3-13. 機微
朝早くめざめたわたしは、昨夜のことが嘘のように快調だった。手をにぎってみてもちゃんと力は入るし、呼吸も鼓動も腹具合も、どこにもおかしいところはない。
剣とマントは最初からそうであったかのように整えて置かれており、汚れていたはずのわたしの足裏はまったくきれいなものだった。
何もかもが寝入った時と同じ状態。まるであの夜は夢だったかのようだ。
しかし、そのあと顔を合わせたカイの左手には灰銀色の腕輪がはまっていて、わたしが夢の中で一夜の冒険をしたのではないことは確かだった。
カイがわたしを寝床に戻してくれたのだろうが、いったいどうやったのか、そしてわたしの体に何かしたのか、実に不可思議きわまりない。
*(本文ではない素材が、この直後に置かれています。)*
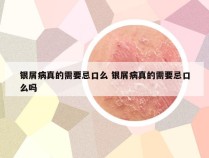 银屑病真的需要忌口么 银屑病真的需要忌口么吗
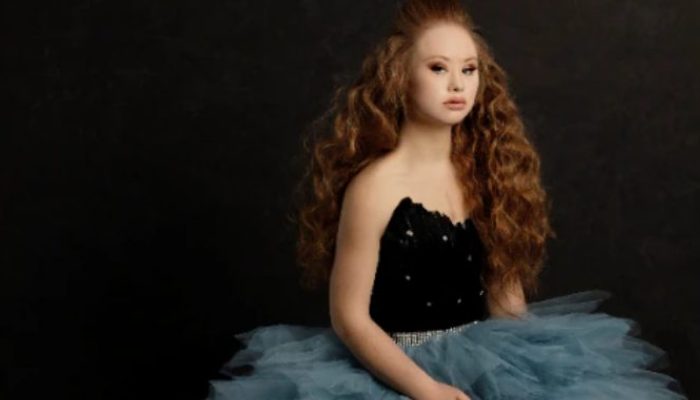 This young woman was born with Down syndrome and has struggled her whole life, yet she has accomplished all she has set out to achieve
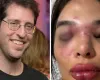 Dentista conta como sofria agress�es e amea�as do marido, que est� preso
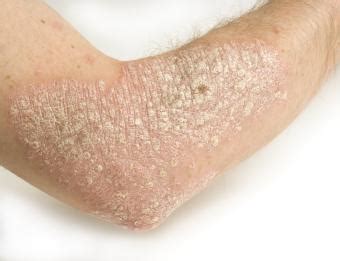 Pictures of Skin Rashes | LoveToKnow Health & Wellness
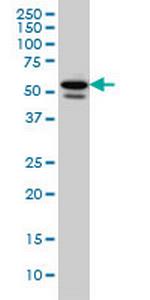 TBL1XR1 Monoclonal Antibody (3G7)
が、そんなことを追求している暇はない。わたしは父を追うことに頭を切り換えなければならないのだ。カイに何をされたのかと想像すると悶えてしまうからではない。決してない。
「もっと泊まっていってくださればよろしいのに」
出立の準備を整え、騾馬を引くわれらに、ファウラは名残惜しそうに言った。
「まだ父と距離があるからな。急がねば」
「そうですか、残念です……」
「ああ、そうだ。つかぬことを訊くが、ファウラはソニヤーを出たいと思ったことはないのか?」
疑問に思っていたことだった。若くして祭司という重責を担うことになってしまって、もっとほかのことがしたいと思ったのことはないのかと。自分がどうしたいのかあやふやなまま故郷を飛び出したわたしには、この異母妹は新鮮に映ったのだった。
ファウラは静かに笑って、
「いいえ、一度も。わたくしはソニヤーで生きて、いずれは子を成し、そして死んでいくでしょう。それがよいのです」
「……すごいな。わたしにはとてもそんな境地に至れそうにない」
「それでよいのですよ。お姉さまにはお姉さまの、わたくしにはわたくしの、行動と行き着く先があります。定まったものはひとつとしてなく、形のない全体がこの世を成しているのですから。だいじょうぶ、きっとうまくいきます」
ファウラの意味するところはわたしにはよくわからなかった。
といって、うまく疑問を発することもできず、短く「ああ」とだけ返した。
透徹したような彼女は年下なのにすごく大人に見え、わたしという存在がひどくちっぽけに思えた。いつかはファウラの言葉の意味がわかる時が来るのだろうか。
そんなわたしの複雑な心境をおもんばかることはまったくなく、カイは、
「さて、バダルさんの行き先をうかがいましょう」
「ああ、そうでしたね。バダルさんは、セアンという町に行って、その近くにある遺跡を訪ねるつもりだと言っていました」
「あれ。セアンですか。やれやれですね」
「カイ、知っているのか?」
「ファウラさん、バダルさんが言っていたのは、ロウハルのセアンですね?」
「ああ、そうです。そう言っていました」
「ロウハルだと。ロウハルといえば、わが故郷サルカルからほど近い洲ではないか」
「はるばるソニヤーまで来ましたけど、取って返すことになってしまいますね。バダルさんも意地が悪いのかなんなのか。ははは」
カイはお気楽に笑っているが、わたしはしてやられたという気持ちだった。
いや、別にここまでの道のりが無駄だったわけではない。行ったり来たりをさせられるのがなんだか気に食わないだけだ。
「セアンでは長逗留していてくれるといいですねぇ、バダルさん」
「遺跡を見に行く、か」わたしはいまいましげに吐き捨てた。「ぜひともその遺跡とやらに長々耽溺していてもらいたいものだ!」
「うまくいくよう、祈っております。お姉さま」
神妙な面持ちで言うファウラ。
思えば妙なことになったものだ。異母妹に出会い、こんなふうにして励まされている。
ファウラという血縁に対してはいろいろ思うところもないではないが、もはや現状をそのまま受け入れるしかないのだろうな……。